7.26.2012

Summer of Indie Hangs Out With Lee Allen Howard

Our guest author for today is Lee Allen Howard, who "writes horror, dark fantasy, and supernatural crime—and technical manuals. All terribly horrifying.

Lee also does editing and layout for fitness professionals and psychics in addition to editing fiction and non-fiction projects. He’s done book publishing consultancy.

A long time ago he earned a BA in English from Indiana University of Pennsylvania. He also received an MA in Biblical Studies from CI School of Theology and an MA in Writing Popular Fiction from Seton Hill University. Lee is a Spiritualist and is a practicing medium and metaphysician. You’ll see these supernatural elements crop up in his writing.

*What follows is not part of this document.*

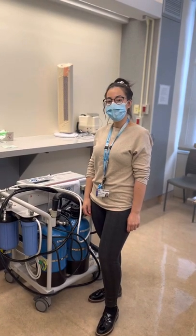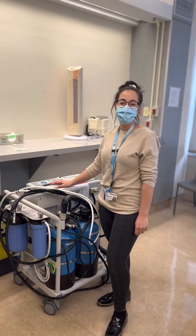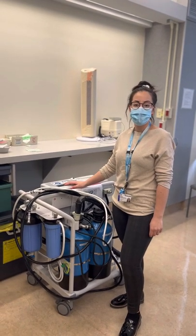Welcome back to our YouTube channel. Today we're going to be reviewing connecting the Aqua C1 and the dialysis machine in the emergency setting for an acute dialysis treatment.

His publication credits include CEMETERY SONATA anthology, THOU SHALT NOT... anthology (Dark Cloud Press), and Amber Quill Press. His fiction titles for Kindle include THE SIXTH SEED, MAMA SAID, STRAY, DESPERATE SPIRITS, NIGHT MONSTERS, and SEVERED RELATIONS.

He lives and works in Pittsburgh, Pennsylvania."

Today we talked with author Lee Allen Howard in-depth about his book, The Sixth Seed, which is a "dark, paranormal fantasy fraught with suburban Pittsburgh horror."

The Sixth Seed

Today’s stories of alien abduction and experimentation include temporary embryonic implantation. THE SIXTH SEED takes this scenario one radical step further when the first alien/human hybrid fertilization develops to full term in utero.

Believing a vasectomy will prevent another unplanned pregnancy, 34-year-old Tom Furst--Melanie’s loving husband and the father of their five children--wants more than anything to dig himself out of the fiscal hole he’s mired in and become financially secure. However, during the procedure, mysterious Dr. Prindar Krakhil secretly implants a worm-like alien seed in Tom’s vas deferens that not only ensures that Melanie gets pregnant, but plants in her womb a child half alien.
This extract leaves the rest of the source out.